Spreedly's Judd Howard explains how AI turns once-differentiating features into commodities, making infrastructure and data platforms the real moats.
Payments technology is moving through a familiar cycle. A capability that once made a provider stand out – forecasting transaction volumes, personalizing checkout flows, synthesizing data across channels – becomes standard within months. Artificial intelligence accelerates that compression, according to Judd Howard, senior product manager for AI at Spreedly.
“It’s a hope-based landscape,” he told PYMNTS for the June 2026 edition of the “What’s Next in Payments” series. “People are coming with the idea of setting themselves up for the future and continuing to grow.”
The metaphor he used to frame the shift: aspirin versus vitamins. Aspirin products solve an acute, urgent problem. Vitamins optimize performance over time, no one rushes to buy them.

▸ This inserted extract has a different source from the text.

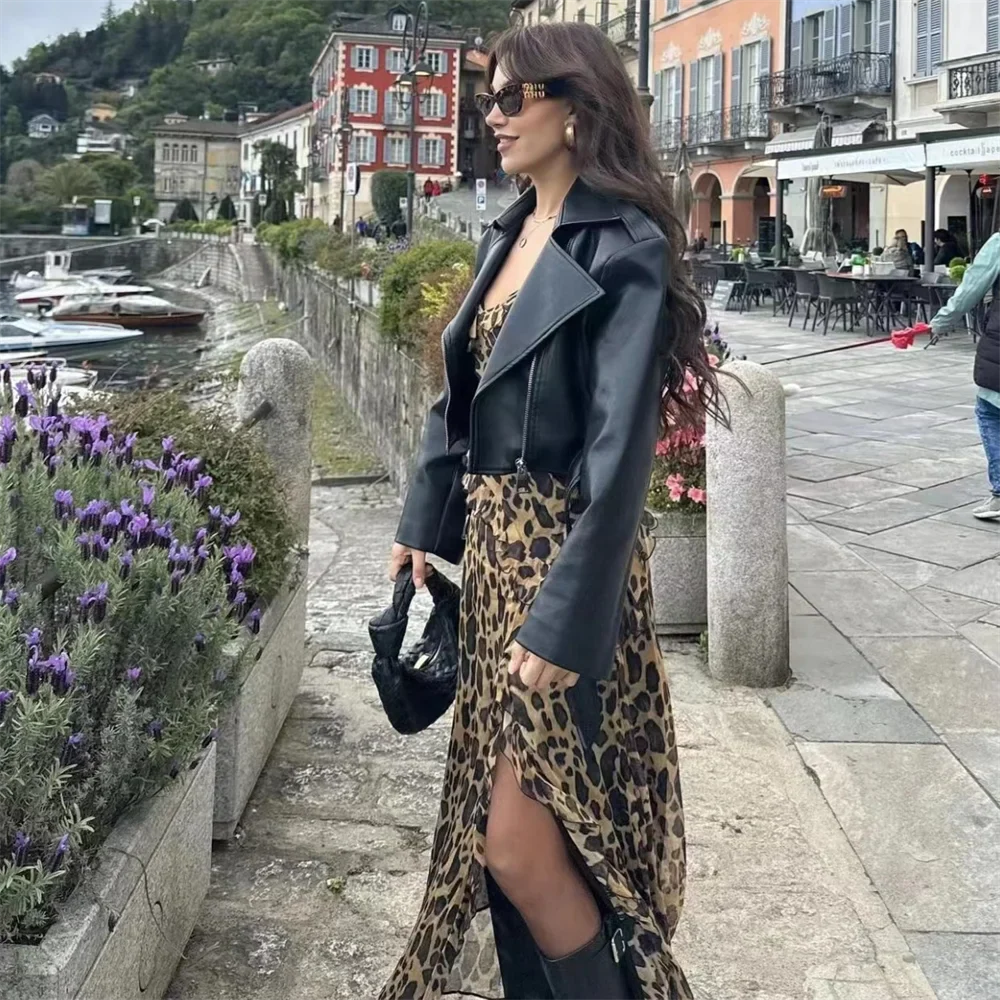 Leopard Print Layered Dress for Women Slim Fit Elegant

In payments, certain functions have crossed firmly into the aspirin category.
“If you break down the life cycle of a payment, you have tokenization, processing and reconciliation,” Howard said. “Those three things have become – if they weren’t already aspirin – they’re now more in the aspirin realm.”
The catch is that AI makes building the next aspirin easier for everyone. Large language models and AI-powered development tools are collapsing the time it takes to integrate tokenization, route transactions, or reconcile ledgers. The gap between a new entrant and an incumbent shrinks with every API update.
That does not mean incumbents lose. Howard argued that the hard work of building secure, compliant, scalable infrastructure before AI arrived may be the best preparation for the AI era. “If you’ve already done a lot of that hard work building up a very strong payment strategy that felt resilient in the pre-AI world, you might even be more prepared for this new era than you think,” he said.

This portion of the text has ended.